Namun, Angelo hanya mendekam dalam penjara selama tiga bulan karena polisi tidak mampu melengkapi berkas pemeriksaan dan melanjutkan kasus tersebut ke tingkat pengadilan.
Menurut polisi, sulit untuk menghimpun barang bukti dan keterangan dari anak-anak korban pencabulan karena mereka sudah terpencar. Panti asuhan di mana mereka tinggal dibubarkan ketika Angelo ditangkap.
Usai bebas dari penjara, Angelo dikabarkan kembali mendirikan panti asuhan dan yayasan bernama Fajar Cahaya Harapan. Yayasan tersebut terdaftar di kementerian pada 14 April 2020.
Berbagai kalangan mulai resah karena dikhawatirkan Angelo akan kembali mengulangi perbuatannya terhadap anak-anak di panti asuhan. Pada September 2020, publik mendesak Polres Metro Depok untuk membuka kembali kasus itu.
Apalagi, kasus itu sebetulnya tidak serta-merta gugur karena Angelo bebas dari masa penahanan.

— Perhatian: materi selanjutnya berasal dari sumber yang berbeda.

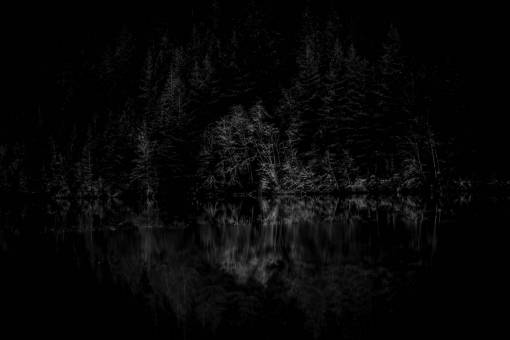 Dark Dawn Lake Forest Free Stock Photo - NegativeSpace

Akhirnya, pada 7 September 2020, tim kuasa hukum mendampingi pelapor untuk membuat laporan baru atas kasus pelecehan tersebut ke Polres Metro Depok dengan laporan nomor LP/2096/K/IX/2020/PMJ/Restro Depok.
Jaringan masyarakat sipil menggalang suara meminta kepolisian serius mengusut dugaan pencabulan.
Polisi kemudian membuka kembali kasus yang melibatkan Bruder Angelo setelah didesak kelompok masyarakat sipil.
"Kepolisian baru bergerak setelah adanya protes melalui diskusi yang dilakukan oleh masyarakat sipil dan pendamping hukum terkait dengan kemandekan laporan pada kasus ini," ujar Dinna Prapto Raharja dari Jaringan Peduli Pemberantasan Tindak Pidana Perdagangan Orang, melalui keterangan tertulis, Jumat (30/4/2021).
Kini, kasus kekerasan seksual yang melibatkan Angleo pun sudah masuk ke meja hijau. Publik pun menyoroti proses persidangan dan mengharapkan putusan yang adil dari hakim dalam kasus pencabulan ini.